Faithlife Sermons

The Problem with Taking the Bible Too Seriously

Notes & Transcripts


  1. We used to live in Kentucky. In our town was a church that believed you must observe the Lord’s Supper with wine, not grape juice, since that is what Jesus used. As I recall, they also met in an upper room.
    • Ridiculous, you probably say.
    • Why would that matter? What possible good is served by such literalism.
  2. But the religious landscape is filled with such stories. Well-meaning people go far beyond respect to mindless observation and “obedience.”
    • The Jehovah’s Witnesses believe that only 144,000 people will go to heaven. This is based on a literal interpretation based on Revelation 7;14 and 14;1.
    • Some churches insist that their women wear head coverings based on 1 Corinthians 11;5.
    • Other churches will not allow women to participate in public ways in church based on 1 Timothy 2:12.
    • A small group of churches in the Appalachians handles live, poisonous snakes during their worship service, based on Mark 16:18.
  3. These people should not be ridiculed because of a sincere desire to obey the Bible. However, it should be observed that this approach to interpretation has produced a great number of problems both in divisions across Christendom as well as in the credibility of the Christian faith. Who wants to be a part of a religious tradition that drapes rattlesnakes and copper mouths around their necks?
  4. Today in our look at Christian apologetics we’re going to examine the idea of how to approach the Bible as it was intended.
    • The “science” of interpretation is called hermeneutics.
    • You use hermeneutics every day, every time you read something that requires interpretation: the comic strips, a road sign, the newspaper, or a business document.
    • There are certain rules that comprise good hermeneutics that we will discuss in this sermon.

I. What is the purpose of Scripture?

  1. When Paul wrote to the young man Timothy, he did so to instruct him about reclaiming his ministry, which Timothy had neglected for some reason.
  2. His instructions are a basic manual in building healthy churches.
    • Among other things, Paul told Timothy to “insist on and teach” these things.
    • Set the believers a [good] example so that they will respect you.
    • Give attention to the public reading of scripture. Paul believed this was a necessary part of church life.
  3. Writing to the Romans, Paul explained the importance and function of Scripture. “Whatever was written…was written for our instruction, so that by steadfastness and encouragement of the scriptures we might have hope.” Romans 15:4.
  4. He told Timothy in his second letter to him that scripture is “useful for teaching, reproof, correction, and training….so that [we] may be proficient, equipped for every good work.” 2 Timothy 3:16.
  5. Luke told Theophilus, the recipient of the Gospel of Luke, that he wrote the Gospel after careful investigation “so that you may know the truth concerning the things about which you have been instructed.” Luke 1:4.
  6. So scripture has a purpose, and its writers mean for us to take it seriously.

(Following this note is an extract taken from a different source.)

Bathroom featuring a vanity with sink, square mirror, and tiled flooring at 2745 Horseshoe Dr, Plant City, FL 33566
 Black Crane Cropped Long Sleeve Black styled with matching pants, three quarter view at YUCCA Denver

II. What does a text mean?

  1. First a word about the knowability of texts: In literary circles there has been a school of thought that texts have meaning apart from their author. T.S. Eliot and Ezra Pound are examples of such.
  2. This school sought to banish the original author as the determiner of meaning and in so doing banished the only compelling normative principle that could lend validity to an interpretation.
  3. You can see the problems with this. A text of scripture is wrested from its original purpose and meaning. The author has no say in the future meaning of the text.
    • E.D. Hirsch Jr. Validity in Interpretation, said, “…the text had to represent somebody’s meaning—if not the author’s, then the critic’s. “ Page 3.
    • Further, “To banish the original author as the determiner of meaning was to reject the only compelling normative principle that could lend validity to an interpretation.” Page 5.
  4. Based on what we know scripture says it is for, we can assume that there is an implied meaning that is to accompany it. Not something that is imposed on the text by creative interpreters who ignore authorial intent.

III. Interpretation and Apologetics:

  1. The subject of interpretation is important to apologetics because unless one has a credible way of reading and understanding scripture there will be no credibility with others.
  2. Respect and intelligence with the text builds credibility with those we seek to teach and influence.
  3. Additionally, teaching smart methods of interpretation helps to build maturity and strength in those being taught.
  4. How many times have you seen someone abandon what they had because analysis created disillusionment and cynicism?
    • Maybe a church family that was inordinately strict.
    • Or a favorite proof text that proved to teach something else than what it was said to teach.
    • Or a failure to represent God in a way that is consistent with scripture.
    • Fee and Stuart comment about how some will apply a specific portion of a text very literally but not the whole text as in the case of tongues speaking and women keeping silent in 1 Corinthians 14:26-40.
    • Or the health and wealth gospel of Joel Osteen.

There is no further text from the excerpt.